Exercise
Will you transcribe all the entries word for word, skipping the pictures they hold?

Extracted entries
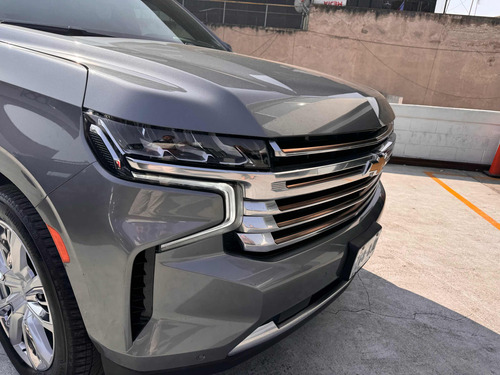 Chevrolet Tahoe 5.4 Premier Piel 4x4 At
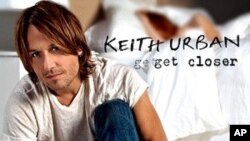 Keith Urban Sings of Appreciation on 'Get Closer'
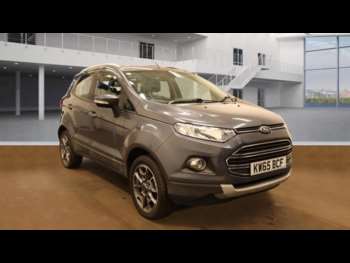 2016 - 1.0T EcoBoost Titanium 2WD Euro 5 (s/s) 5dr
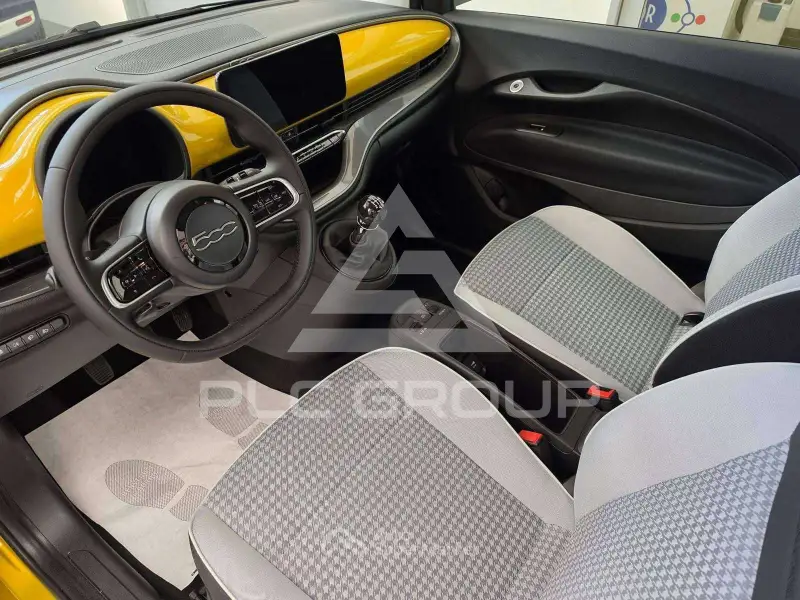 2026 Fiat 500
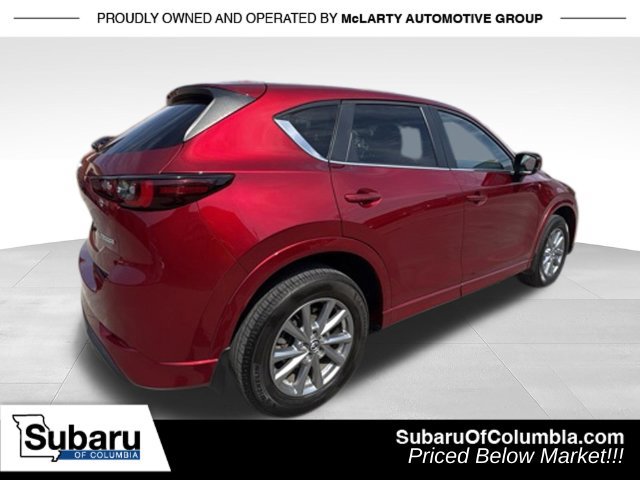 Used 2024 MAZDA CX-5 AWD 2.5 S w/ Preferred Package image 40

Reply
 Chevrolet Tahoe 5.4 Premier Piel 4x4 At
 Keith Urban Sings of Appreciation on 'Get Closer'
 2016 - 1.0T EcoBoost Titanium 2WD Euro 5 (s/s) 5dr
 2026 Fiat 500
 Used 2024 MAZDA CX-5 AWD 2.5 S w/ Preferred Package image 40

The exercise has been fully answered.